Transcript

Transcript for "Autobiography of John Haslem Clark," 4, 6.

In the spring of 1850 we joined Mother's eldest son, George Peacock, who was on his way to Utah with a fine outfit and able to help us. Mother [Mary Noddings Clark] still had the four youngest Clark Children. My brother Thomas was fourteen and I was seven. A young man named Jake Wyric who was anxious to get to California, helped Thomas get our outfit ready. We had one wagon, one yoke of oxen and two cows.

I rode a large stallion belonging to Jake Wyric and drove the loose cattle. As I was only seven my legs were so short they would hardly reach across his broad back. At first I was in constant danger of a tumble, but soon grew to be at ease perched up so high where I could look over the miles of weaving grass.

Large herds of buffalo could be seen daily, sometimes feeding, but oftener trailing one behind the other in trails worn so deep by their hoofs they could sca[re]cely be seen.
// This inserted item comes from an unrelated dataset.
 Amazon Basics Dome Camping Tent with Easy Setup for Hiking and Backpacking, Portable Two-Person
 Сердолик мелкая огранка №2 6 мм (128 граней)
We had fresh buffalo meat most all the way. Sometimes they were killed without leaving the wagon train. We salted enough to last us through the following winter.
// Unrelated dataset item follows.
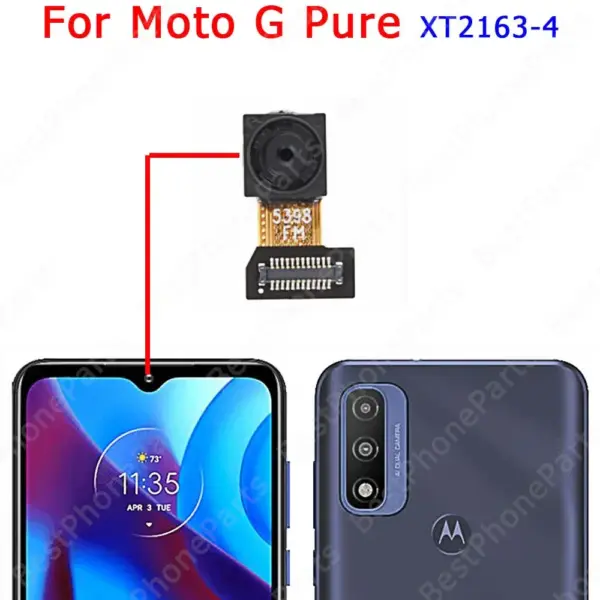 Motorola Moto G 5G Plus Rear Camera Module - Image 4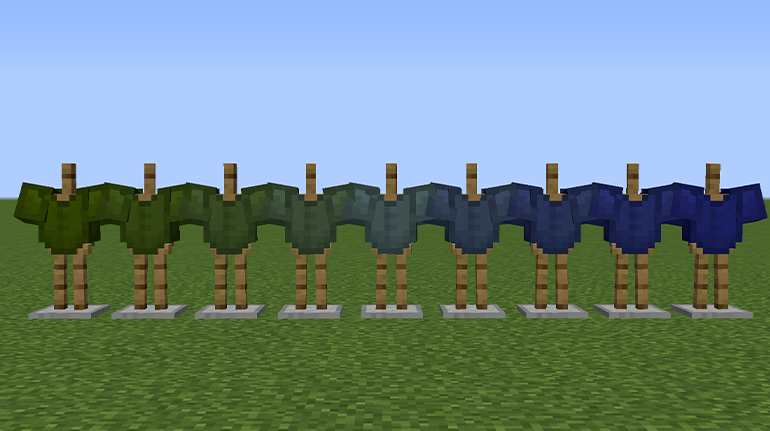 Njfのマイクラ日記 新着記事 Java版マイクラ 10万色以上に染められる 革の防具の染色方法 革の防具と革の馬鎧の 染色方法を解説します T Co Ntzfegrc3w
We reached Salt Lake City on September 9, 1850 . . .

The next few years were spent making trips to the Missouri River to help emigrants to Utah. There were three other boys and we herded 450 head of oxen at night. We traveled 2000 miles, many nights wet to the skin and depending on the flashes of lightning to see the straying cattle. I made four such trips. Jack Hall was my buddy.